Gestern habe ich hier einen Satz geschrieben: "Betrachte 65.000 als die Lebenslinie für BTC, wenn sie bricht, geht's noch tiefer."
In der Nacht kam ein Schub runter, $BTC bei 64.808, das Minimum lag bei 64.711 – 65k, gebrochen.
Ich will nicht angeben, sondern sagen: Zeichne dir vorher eine Linie, wenn sie bricht, bleib ruhig und frag nicht "Was jetzt?", denn die Antwort hast du dir schon überlegt.
Ich beobachte jetzt die nächste Ebene: ・Hält das Tief bei 64.700, wenn nicht, schauen wir Richtung 63.000. ・Für eine Gegenbewegung zuerst darauf achten, ob wir wieder über 65.000 kommen; wenn nicht, ist jede Gegenbewegung nur ein Rücksetzer im Abwärtstrend.
$ETH hat ebenfalls 1.816 durchbrochen, jetzt bei 1.822 (Tief 1.767), $SOL bei 71.9. Der gesamte Markt ist weiterhin im Risk-Off-Modus, niemand ist wirklich stark.
Risiko klar ausgedrückt: Bei dieser Art von Rückgang nicht versuchen, den Boden zu fangen, warte, bis wir wieder an den Schlüssellevels sind, bevor wir reden.
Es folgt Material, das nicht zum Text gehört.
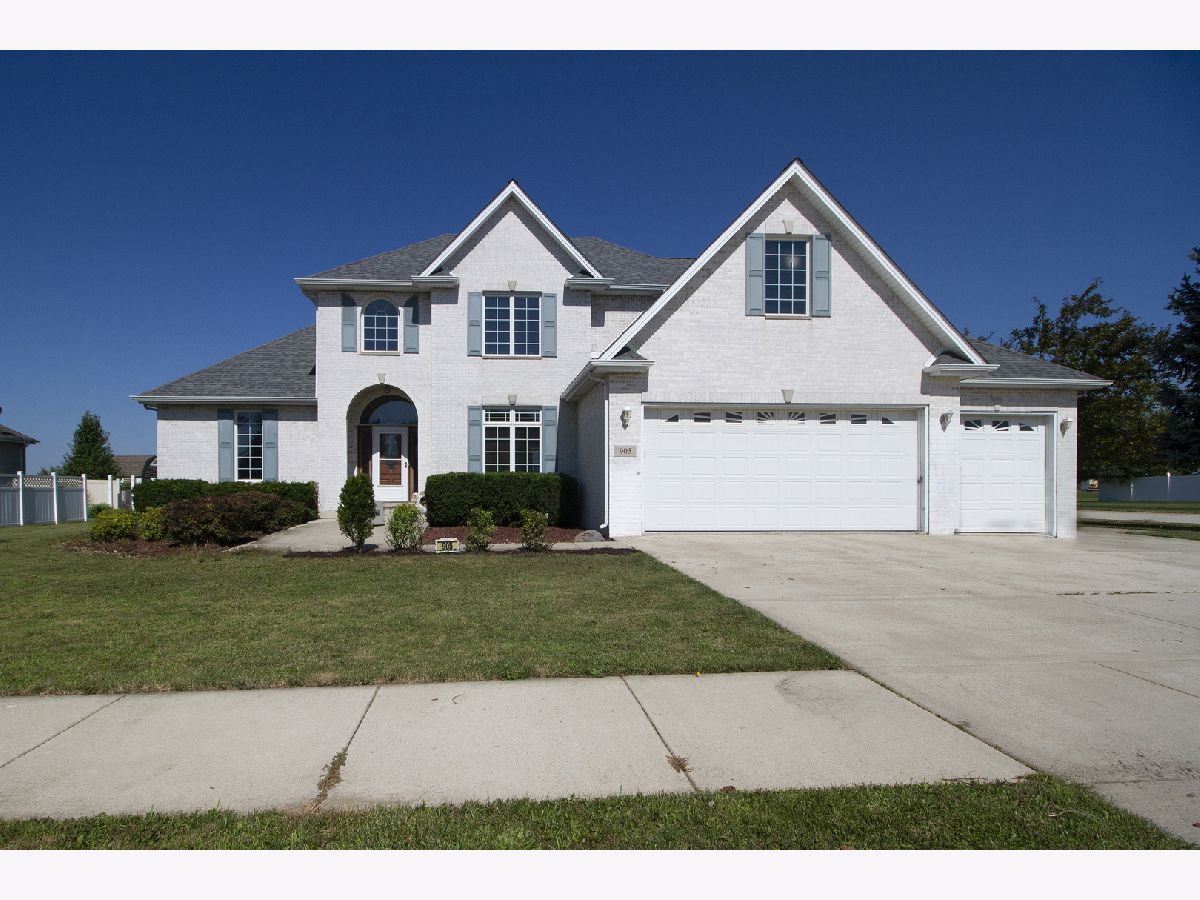 Homes & Townhomes Sold South Creek Manteno Illinois, 905 White Tail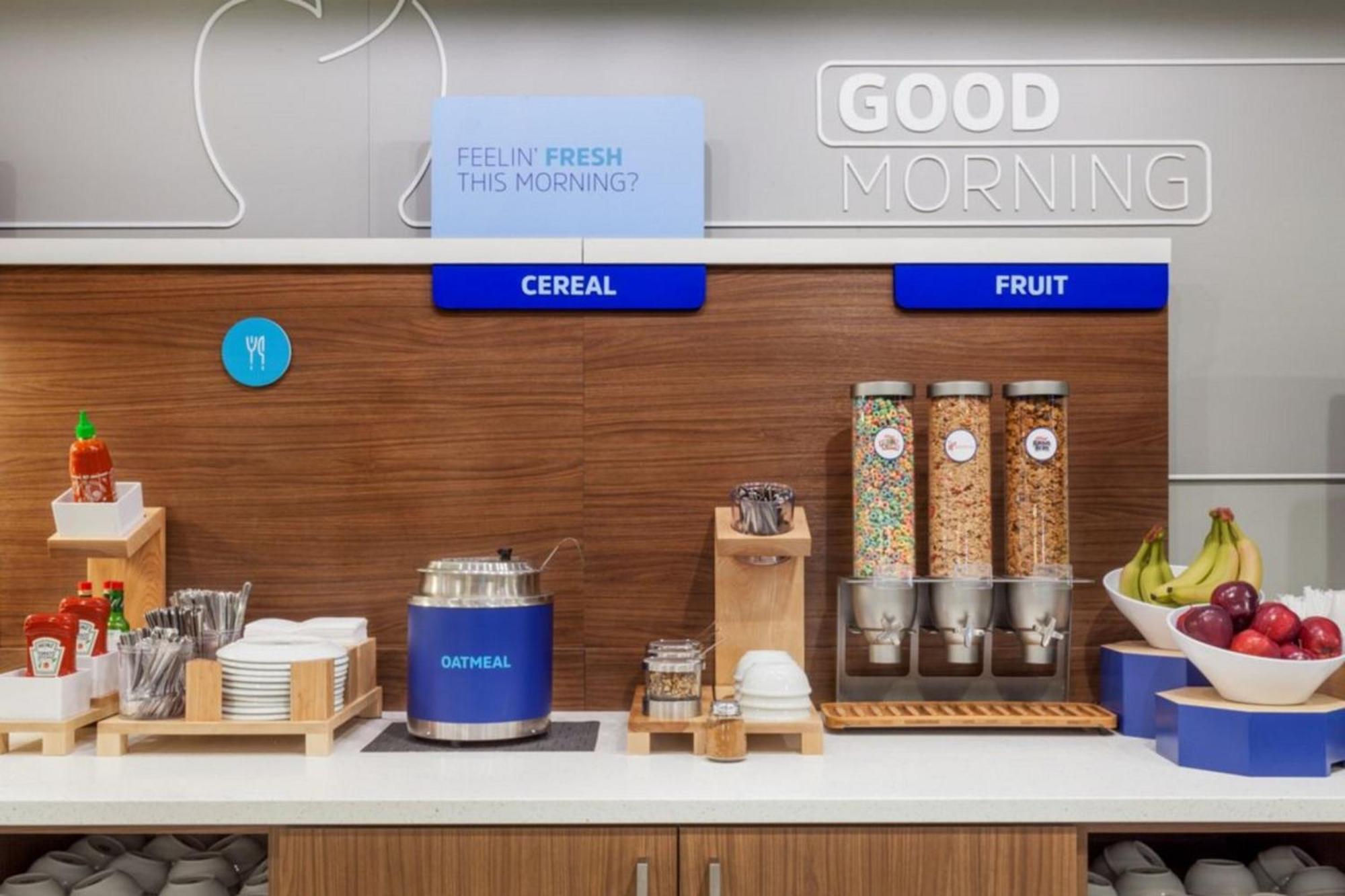 Holiday Inn Express & Suites - Effingham By Ihg Esterno foto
Wenn du Positionen hast, wo hast du deine Linien gezogen? Wenn nicht, ist jetzt nicht zu spät, nachzuziehen.
BTC hat gerade bei 65.359 eine Nadel berührt und zieht jetzt auf 67.000 zurück.
Ehrlich gesagt, solche Rücksetzer machen mir am meisten Angst – nicht weil ich Angst vor einem Crash habe, sondern weil ich fürchte, dass "ein bisschen Rückzug die Leute glauben lässt, dass alles in Ordnung ist".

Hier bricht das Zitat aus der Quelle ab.